> [TASK DESCRIPTION] Each line of the material is to be written out exactly.

> [INFORMATION SHOWN]
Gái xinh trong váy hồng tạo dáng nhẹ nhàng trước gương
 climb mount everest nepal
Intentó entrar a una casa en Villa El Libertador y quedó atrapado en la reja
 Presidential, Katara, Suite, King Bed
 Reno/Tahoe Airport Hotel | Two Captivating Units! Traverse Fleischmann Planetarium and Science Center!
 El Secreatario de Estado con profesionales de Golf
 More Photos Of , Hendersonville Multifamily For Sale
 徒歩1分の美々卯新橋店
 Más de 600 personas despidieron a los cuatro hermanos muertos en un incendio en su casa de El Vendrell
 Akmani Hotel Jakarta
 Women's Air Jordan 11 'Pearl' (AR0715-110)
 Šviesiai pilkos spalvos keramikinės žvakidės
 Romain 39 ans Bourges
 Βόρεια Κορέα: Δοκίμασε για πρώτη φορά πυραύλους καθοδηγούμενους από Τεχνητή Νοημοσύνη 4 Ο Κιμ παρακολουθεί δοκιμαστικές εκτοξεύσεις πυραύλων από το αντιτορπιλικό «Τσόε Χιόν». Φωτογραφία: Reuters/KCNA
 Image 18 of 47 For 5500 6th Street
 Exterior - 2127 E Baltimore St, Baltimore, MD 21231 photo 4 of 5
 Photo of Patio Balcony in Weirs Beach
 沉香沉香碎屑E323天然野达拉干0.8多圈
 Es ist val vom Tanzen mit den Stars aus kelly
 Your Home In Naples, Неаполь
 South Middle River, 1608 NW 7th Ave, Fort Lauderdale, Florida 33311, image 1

> [TASK RESPONSE]
Gái xinh trong váy hồng tạo dáng nhẹ nhàng trước gương
 climb mount everest nepal
Intentó entrar a una casa en Villa El Libertador y quedó atrapado en la reja
 Presidential, Katara, Suite, King Bed
 Reno/Tahoe Airport Hotel | Two Captivating Units! Traverse Fleischmann Planetarium and Science Center!
 El Secreatario de Estado con profesionales de Golf
 More Photos Of , Hendersonville Multifamily For Sale
 徒歩1分の美々卯新橋店
 Más de 600 personas despidieron a los cuatro hermanos muertos en un incendio en su casa de El Vendrell
 Akmani Hotel Jakarta
 Women's Air Jordan 11 'Pearl' (AR0715-110)
 Šviesiai pilkos spalvos keramikinės žvakidės
 Romain 39 ans Bourges
 Βόρεια Κορέα: Δοκίμασε για πρώτη φορά πυραύλους καθοδηγούμενους από Τεχνητή Νοημοσύνη 4 Ο Κιμ παρακολουθεί δοκιμαστικές εκτοξεύσεις πυραύλων από το αντιτορπιλικό «Τσόε Χιόν». Φωτογραφία: Reuters/KCNA
 Image 18 of 47 For 5500 6th Street
 Exterior - 2127 E Baltimore St, Baltimore, MD 21231 photo 4 of 5
 Photo of Patio Balcony in Weirs Beach
 沉香沉香碎屑E323天然野达拉干0.8多圈
 Es ist val vom Tanzen mit den Stars aus kelly
 Your Home In Naples, Неаполь
 South Middle River, 1608 NW 7th Ave, Fort Lauderdale, Florida 33311, image 1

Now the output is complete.